Crawled caption data
= Beginning of Section =

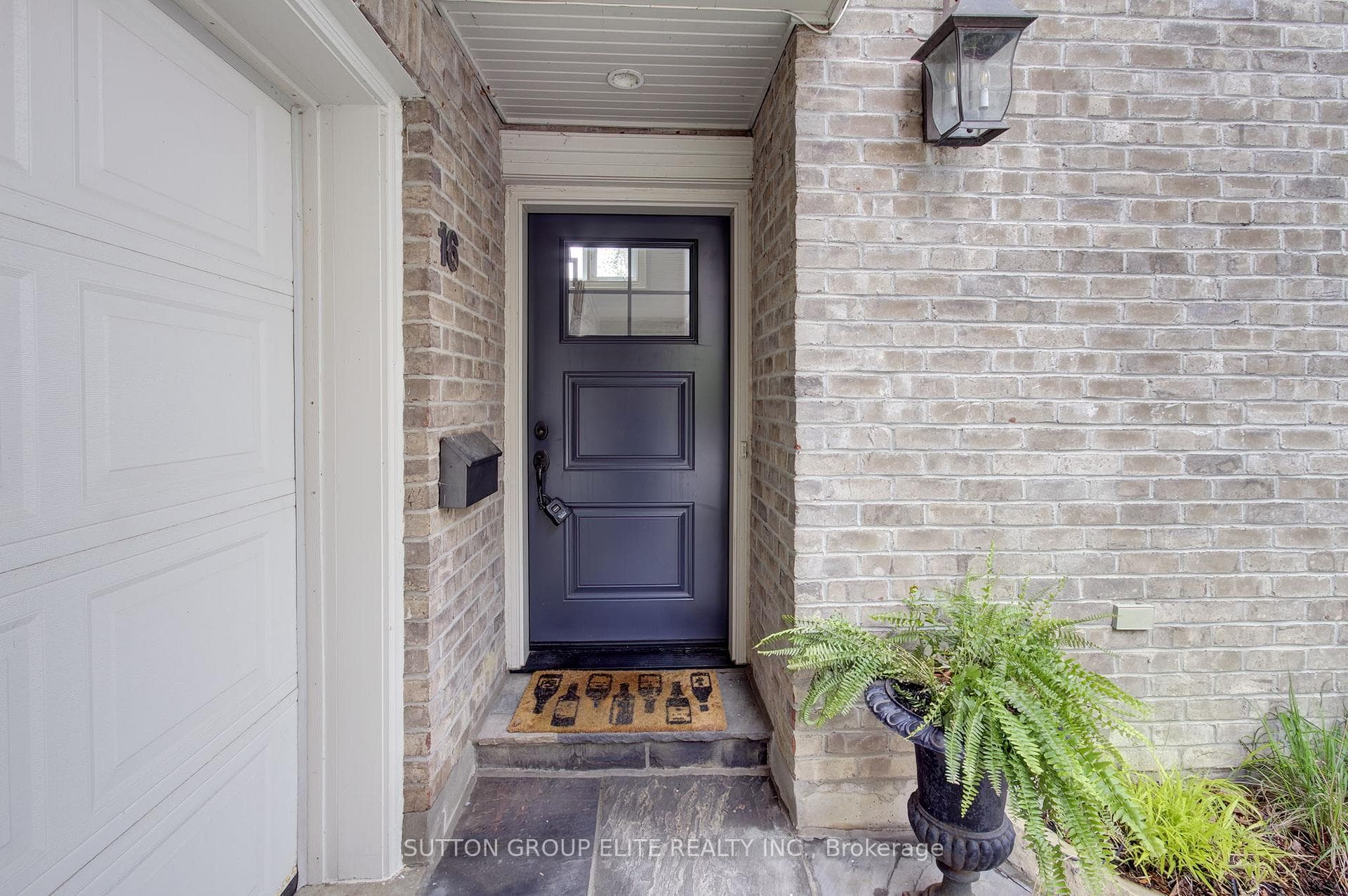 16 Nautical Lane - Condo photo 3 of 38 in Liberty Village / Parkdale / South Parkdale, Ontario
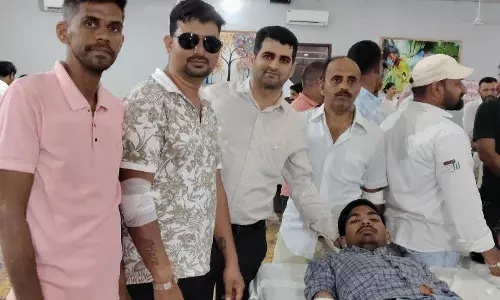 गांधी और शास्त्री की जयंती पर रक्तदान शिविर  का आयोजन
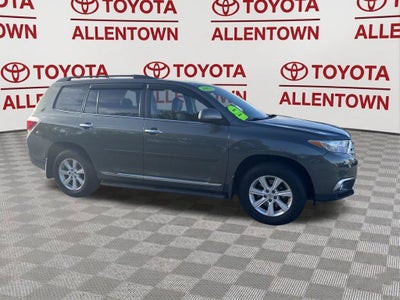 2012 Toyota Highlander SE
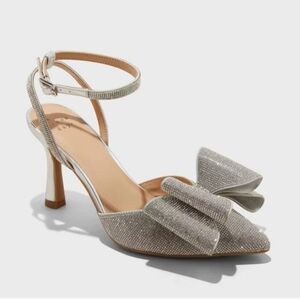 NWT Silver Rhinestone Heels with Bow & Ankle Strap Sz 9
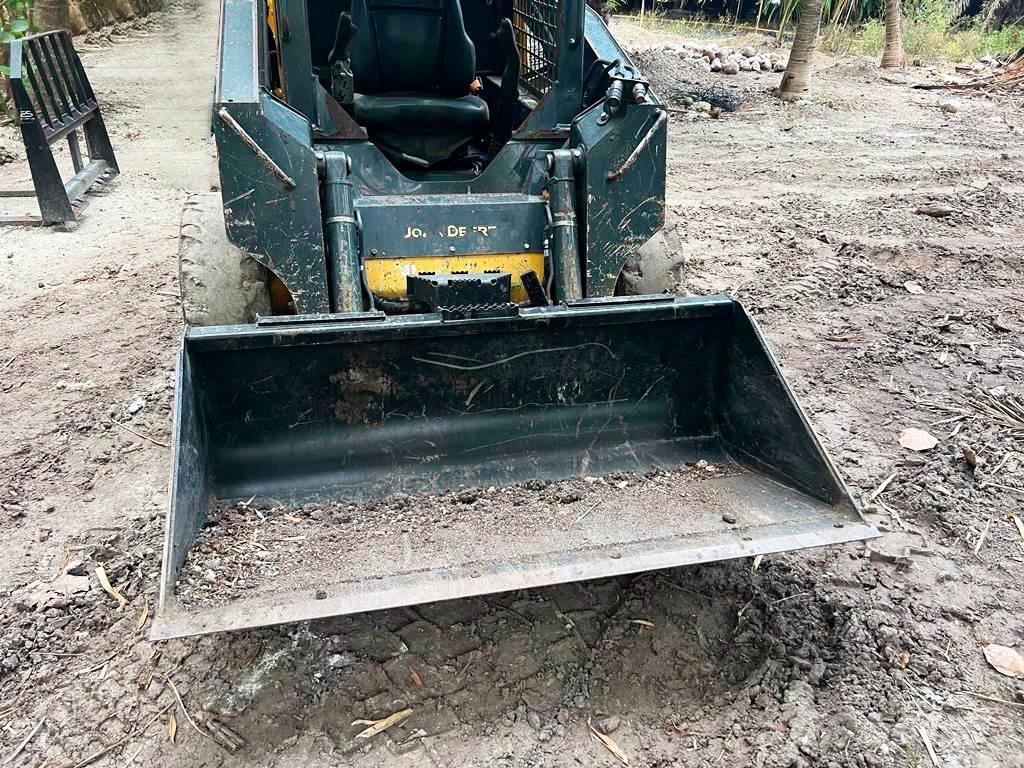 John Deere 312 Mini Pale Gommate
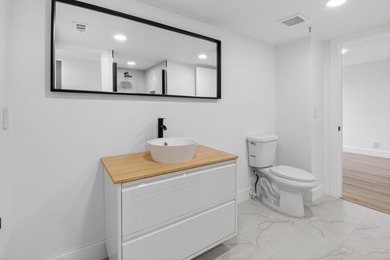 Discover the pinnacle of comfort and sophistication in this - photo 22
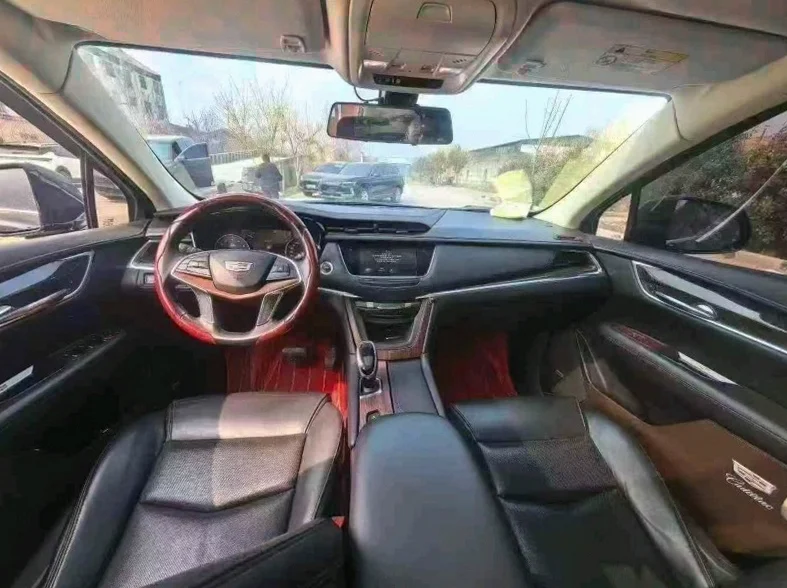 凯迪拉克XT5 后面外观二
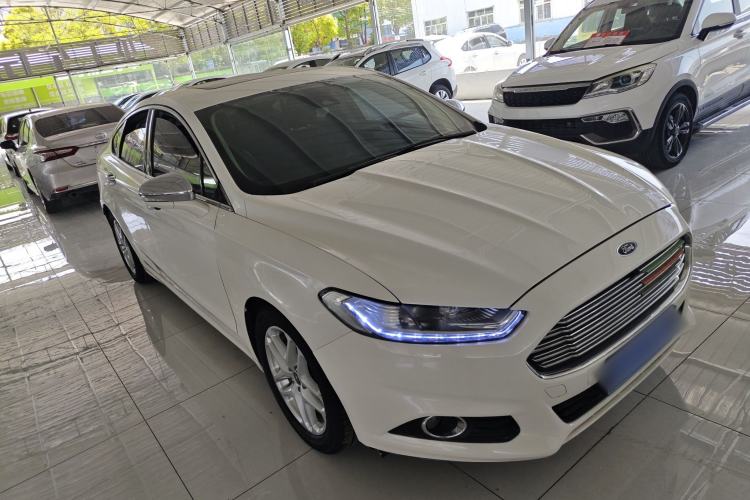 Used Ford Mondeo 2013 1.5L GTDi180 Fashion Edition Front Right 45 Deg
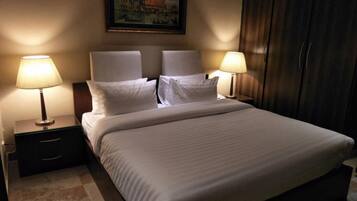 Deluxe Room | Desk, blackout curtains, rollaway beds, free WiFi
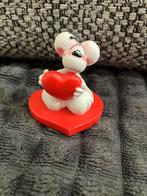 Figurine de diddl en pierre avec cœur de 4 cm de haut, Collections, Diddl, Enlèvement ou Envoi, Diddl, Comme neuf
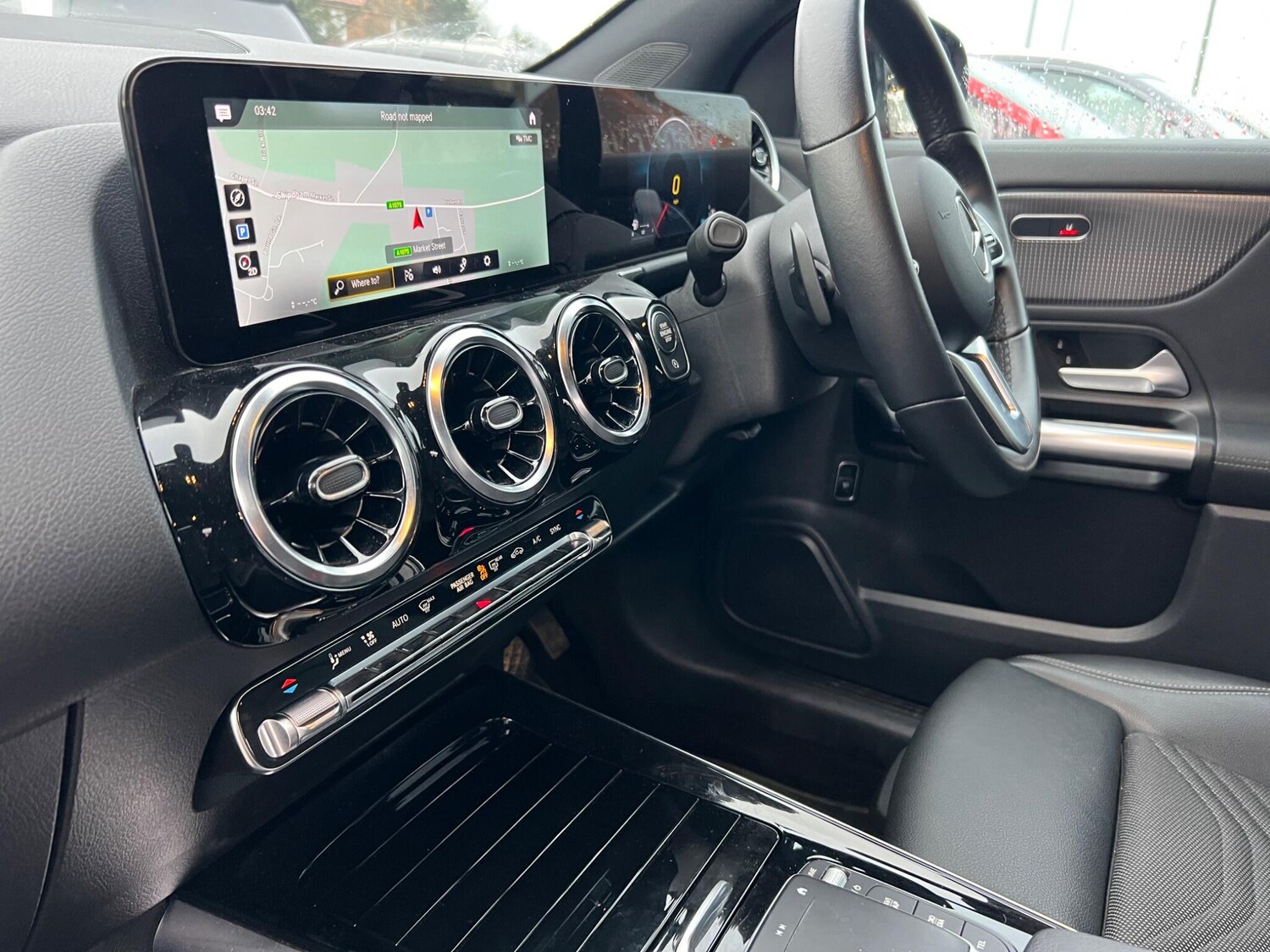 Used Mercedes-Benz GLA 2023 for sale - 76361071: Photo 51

= End of Section =

WORK TO BE COMPLETED:
Keeping every word as it is, write out all the data and omit the pictures.

SOLUTION TO THIS TASK:
 16 Nautical Lane - Condo photo 3 of 38 in Liberty Village / Parkdale / South Parkdale, Ontario
 गांधी और शास्त्री की जयंती पर रक्तदान शिविर  का आयोजन
 2012 Toyota Highlander SE
 NWT Silver Rhinestone Heels with Bow & Ankle Strap Sz 9
 John Deere 312 Mini Pale Gommate
 Discover the pinnacle of comfort and sophistication in this - photo 22
 凯迪拉克XT5 后面外观二
 Used Ford Mondeo 2013 1.5L GTDi180 Fashion Edition Front Right 45 Deg
 Deluxe Room | Desk, blackout curtains, rollaway beds, free WiFi
 Figurine de diddl en pierre avec cœur de 4 cm de haut, Collections, Diddl, Enlèvement ou Envoi, Diddl, Comme neuf
 Used Mercedes-Benz GLA 2023 for sale - 76361071: Photo 51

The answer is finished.